Your assignment:
In the material below, begin at the line that has "great pair of", stop after the line that has "DécoProfi Donauklammer Ø", and transcribe those lines exactly, without pictures.

Data extract:
☆ ☆ ☆ ☆

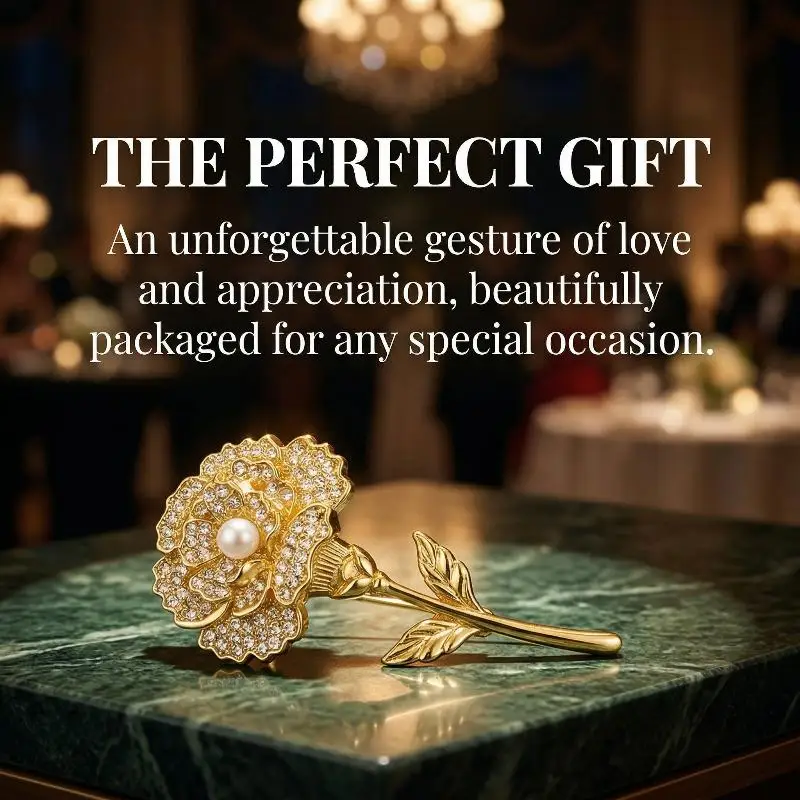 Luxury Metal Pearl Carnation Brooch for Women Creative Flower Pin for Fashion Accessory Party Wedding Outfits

☆ ☆ ☆ ☆

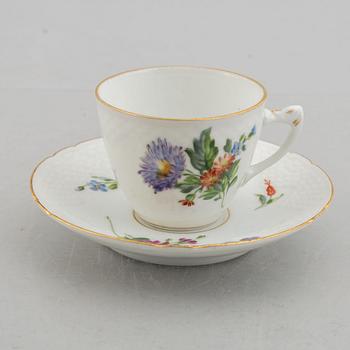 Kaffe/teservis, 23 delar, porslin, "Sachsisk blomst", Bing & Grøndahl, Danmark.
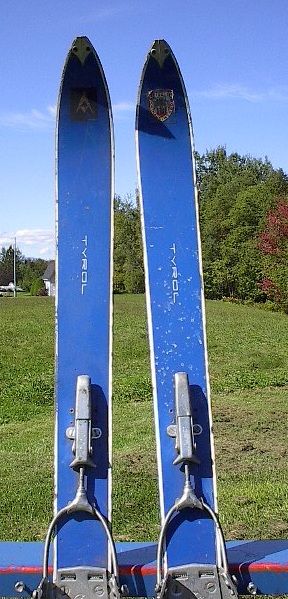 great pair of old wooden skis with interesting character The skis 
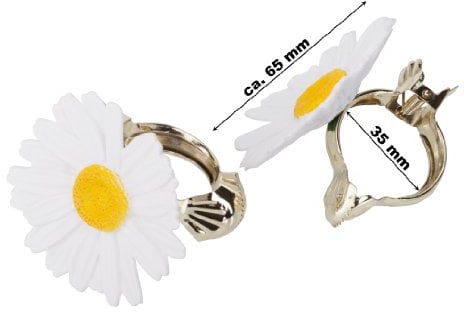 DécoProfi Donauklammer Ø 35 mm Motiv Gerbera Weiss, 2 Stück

☆ ☆ ☆ ☆

Response to the task:
 great pair of old wooden skis with interesting character The skis 
 DécoProfi Donauklammer Ø 35 mm Motiv Gerbera Weiss, 2 Stück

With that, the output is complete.